Onze gemeente Bodegraven-Reeuwijk heeft zelfs een ‘geluksagenda’. De achtergrond daarvan is dat onze bestuurders niet alleen kijken naar geld, lantarenpalen, schoolgebouwen en het meest milieuvriendelijke systeem van afval inleveren, maar ook naar de vraag of wij ons als bewoners door alle maatregelen wel echt beter gaan voelen. Mooi dat ze daar aandacht voor hebben op het gemeentehuis, zou ik denken.
Maar er is nog een andere kant. Het risico van veel aandacht voor je eigen geluk is dat je daarmee jezelf in de weg gaat zitten. Hoe harder je probeert om gelukkig te zijn, hoe minder het slaagt, zo lijkt het wel. Dichter Huub Oosterhuis schrijft ergens over ‘een arme rijke’. En als ik goed lees bedoelt hij dat je wel genoeg geld en spullen kan hebben en misschien zelfs een afgeloste hypotheek, maar als je leven niet verder reikt, blijft het eigenlijk armoedig.
Geluk betekent natuurlijk dat je goed in de vel zit, maar het vraagt ook dat je iets voor anderen over hebt. Je kan je op allerlei manier voor anderen inzetten; de sportclubs, verenigingen en kerken in onze dorpen laten daarvan prachtige voorbeelden zien. En ook de vrijwilligersprijs en de jaarlijkse lintjes laten mensen zien die niet alleen voor zich zelf leven, maar ook voor anderen.

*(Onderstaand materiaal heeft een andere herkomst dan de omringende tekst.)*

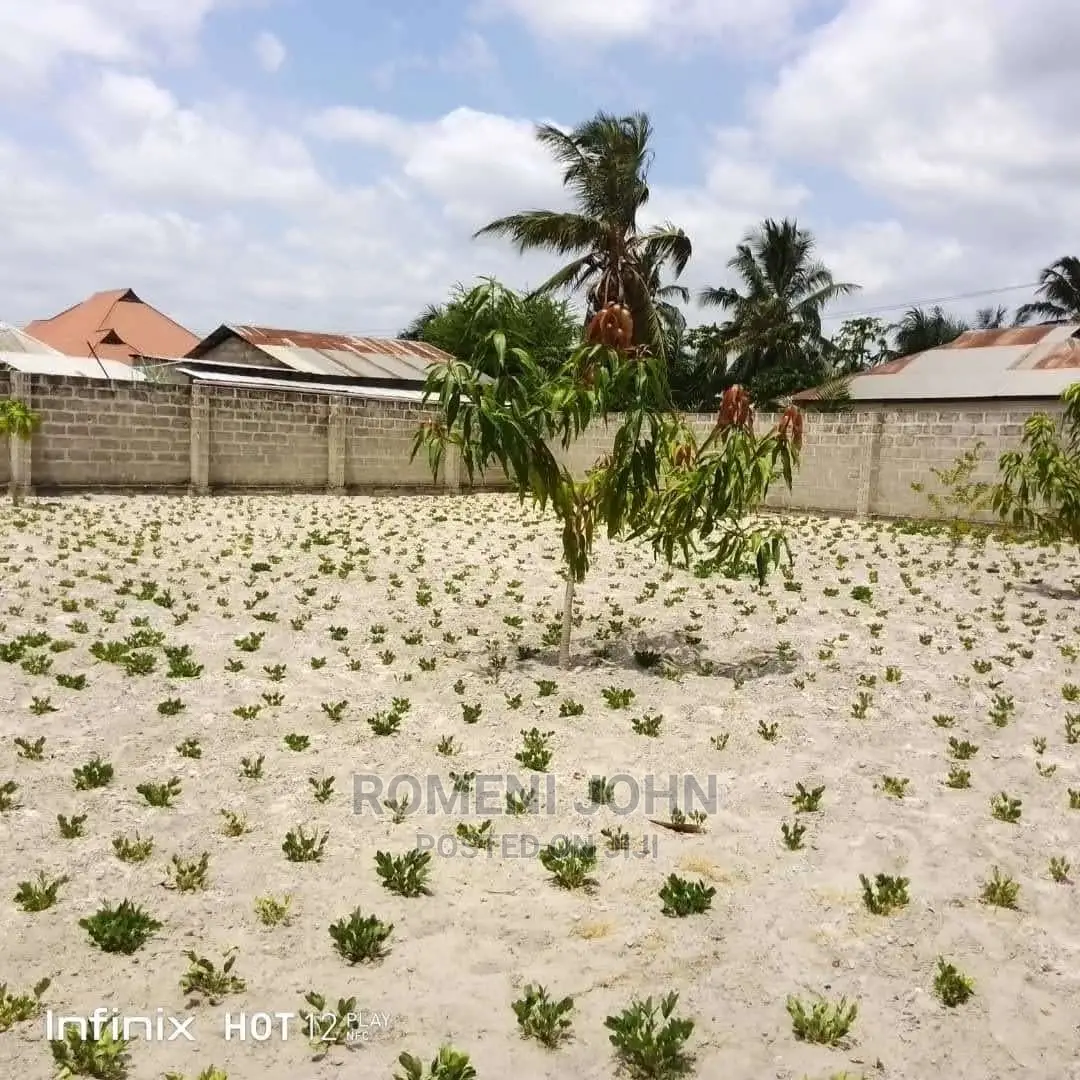 Furnished 5bdrm Apartment in Tanzania Dsm Ukonga for Sale in Ukonga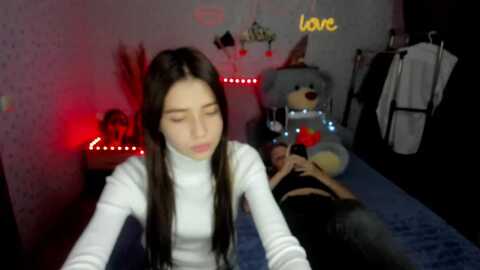 juanawi @ myfreecams on 20231013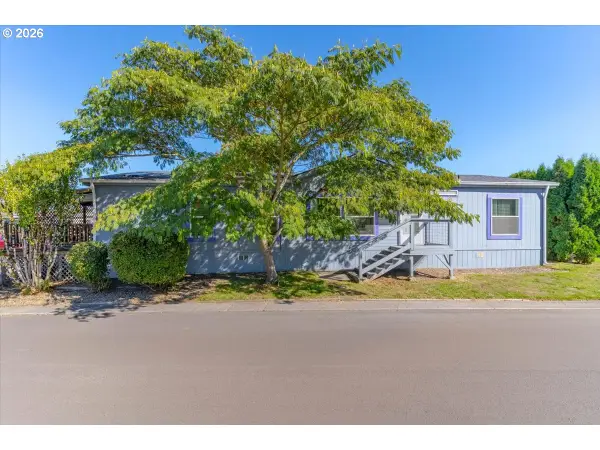141 S 17th St #19, Independence, OR 97351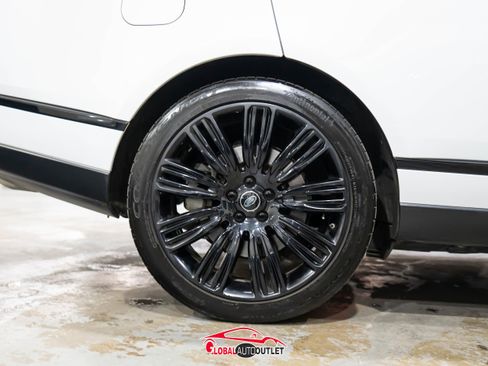 Used 2018 Land Rover Range Rover Long Wheelbase Supercharged image 11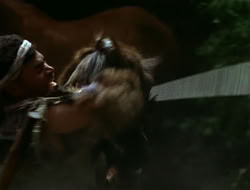 extant_HTLJ_1x13-UnchainedHeart_00078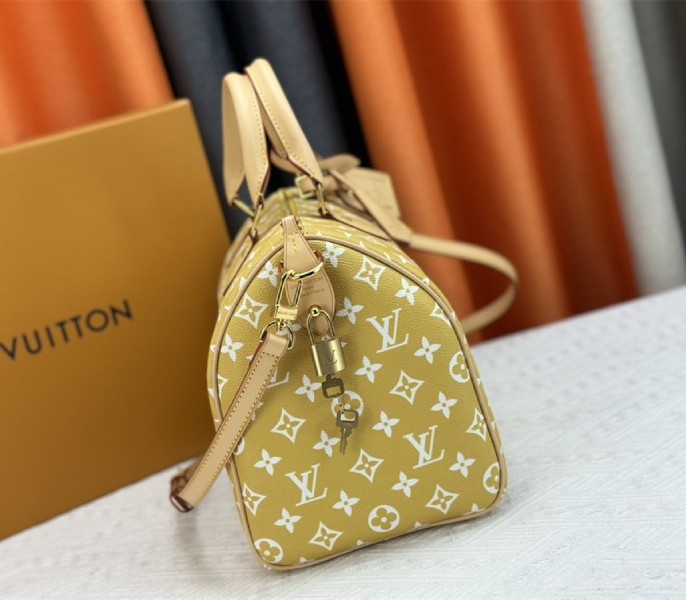 Louis Vuitton Speedy P9 Bandouliere 30 Bag In Yellow angle 3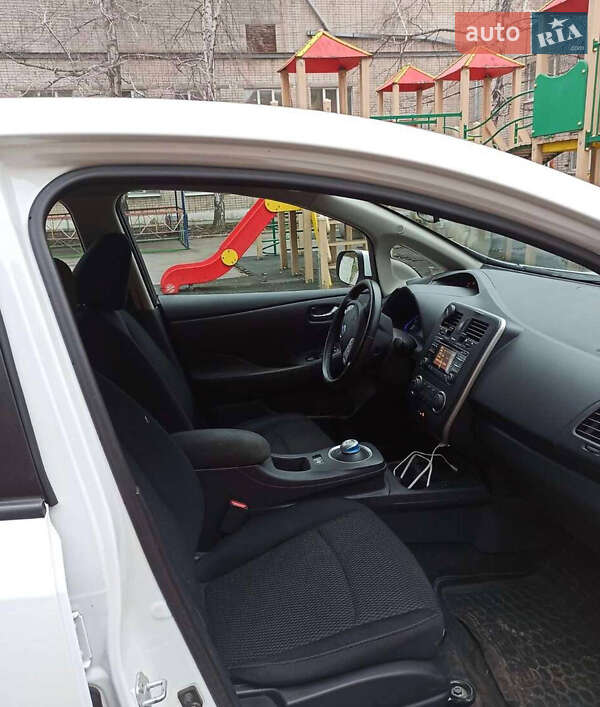 Хэтчбек Nissan Leaf 2014 в Виннице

Onze kerkgangers kennen zo langzamerhand mijn overtuiging hierin: geluk is een bijproduct van toewijding. En natuurlijk moet je jezelf niet voorbij lopen en niemand kan alles. Maar ons leven wordt veel rijker als we met anderen delen, samenwerken en ons inzetten voor de mensen om ons heen. De Man van Nazareth noemde het: naastenliefde.